The rest of your comment I agree with.

I realize that point (1) may seem like nitpicking, and that I am also emotionally invested in it for various reasons. But this is all in the spirit of something like avoiding reasoning from fictional evidence: if we want to have a good discussion of avoiding unnecessary polarization, we should reason from clear examples of it. If Jeremy is not a good example of it, we should not use him as a stand-in.

I was just using Jeremy as a stand-in for the polarisation of Open Source vs AI Safety more generally.

Right, this is in large part where our disagreement is: whether Jeremy is good evidence for or an example of unnecessary polarization. I just simply don’t think that Jeremy is a good example of where there has been unnecessary (more on this below) polarization because I think that he, explicitly and somewhat understanably, just finds the idea of approval regulation for frontier AI abhorrent. So to use Jeremy as evidence or example of unnecessary polarization, we have to ask what he was reacting to, and whether something unnecessary was done to polarize him against us.

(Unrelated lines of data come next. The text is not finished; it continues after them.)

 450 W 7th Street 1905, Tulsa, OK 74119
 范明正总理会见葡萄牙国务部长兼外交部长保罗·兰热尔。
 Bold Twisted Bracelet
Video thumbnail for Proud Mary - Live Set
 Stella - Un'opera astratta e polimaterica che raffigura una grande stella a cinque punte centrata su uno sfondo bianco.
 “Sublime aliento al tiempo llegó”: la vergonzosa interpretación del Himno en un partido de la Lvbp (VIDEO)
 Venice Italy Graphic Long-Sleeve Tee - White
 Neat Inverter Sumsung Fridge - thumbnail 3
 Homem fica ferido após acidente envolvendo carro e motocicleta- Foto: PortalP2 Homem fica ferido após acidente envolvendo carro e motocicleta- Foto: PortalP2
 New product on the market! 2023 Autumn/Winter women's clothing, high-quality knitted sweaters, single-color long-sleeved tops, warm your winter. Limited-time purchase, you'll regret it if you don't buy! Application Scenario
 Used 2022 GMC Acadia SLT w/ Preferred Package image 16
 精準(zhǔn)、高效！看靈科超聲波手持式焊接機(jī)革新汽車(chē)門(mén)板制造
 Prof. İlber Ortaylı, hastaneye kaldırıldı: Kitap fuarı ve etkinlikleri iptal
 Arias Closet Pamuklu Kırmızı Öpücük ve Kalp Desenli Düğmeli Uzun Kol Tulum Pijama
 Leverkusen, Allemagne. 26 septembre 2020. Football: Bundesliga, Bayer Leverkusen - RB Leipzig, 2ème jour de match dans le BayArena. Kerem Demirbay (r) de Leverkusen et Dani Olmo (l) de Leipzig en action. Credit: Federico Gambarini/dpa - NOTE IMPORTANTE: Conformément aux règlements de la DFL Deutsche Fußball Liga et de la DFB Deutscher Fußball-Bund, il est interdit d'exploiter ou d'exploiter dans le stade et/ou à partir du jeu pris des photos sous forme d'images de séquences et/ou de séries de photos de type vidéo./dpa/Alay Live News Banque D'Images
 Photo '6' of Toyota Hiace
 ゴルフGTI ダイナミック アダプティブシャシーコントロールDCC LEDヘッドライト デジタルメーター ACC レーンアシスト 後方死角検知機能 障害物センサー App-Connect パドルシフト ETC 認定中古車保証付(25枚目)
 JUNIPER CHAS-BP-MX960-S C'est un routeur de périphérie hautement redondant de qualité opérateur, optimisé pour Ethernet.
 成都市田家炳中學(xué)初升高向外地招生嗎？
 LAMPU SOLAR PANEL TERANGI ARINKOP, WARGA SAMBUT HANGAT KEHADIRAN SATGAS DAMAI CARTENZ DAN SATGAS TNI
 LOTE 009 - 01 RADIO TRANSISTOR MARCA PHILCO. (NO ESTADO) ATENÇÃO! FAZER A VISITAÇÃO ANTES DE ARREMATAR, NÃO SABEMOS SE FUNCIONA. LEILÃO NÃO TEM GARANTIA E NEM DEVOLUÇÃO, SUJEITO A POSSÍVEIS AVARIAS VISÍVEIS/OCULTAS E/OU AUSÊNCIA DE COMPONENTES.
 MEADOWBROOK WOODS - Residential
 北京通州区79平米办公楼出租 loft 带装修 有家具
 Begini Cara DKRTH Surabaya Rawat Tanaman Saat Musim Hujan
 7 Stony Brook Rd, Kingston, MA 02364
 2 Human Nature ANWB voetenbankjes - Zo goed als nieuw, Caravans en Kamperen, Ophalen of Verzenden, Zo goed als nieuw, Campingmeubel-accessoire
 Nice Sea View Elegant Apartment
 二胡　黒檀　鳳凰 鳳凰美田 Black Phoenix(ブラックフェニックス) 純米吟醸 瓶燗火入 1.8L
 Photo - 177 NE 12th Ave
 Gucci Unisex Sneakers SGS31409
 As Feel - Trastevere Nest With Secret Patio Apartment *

Dislightenment “started out as a red team review” of FAIR, and FAIR is the most commonly referenced policy proposal in the piece, so I think that Jeremy’s reaction in Dislightenment is best understood as, primarily, a reaction to FAIR. (More generally, I don’t know what else he would have been reacting to, because in my mind FAIR was fairly catalytic in this whole debate, though it’s possible I’m overestimating its importance. And in any case I wasn’t on Twitter at the time so may lack important context that he’s importing into the conversation.) In which case, in order to support your general claim about unnecessary polarization, we would need to ask whether FAIR did unnecessary things polarize him.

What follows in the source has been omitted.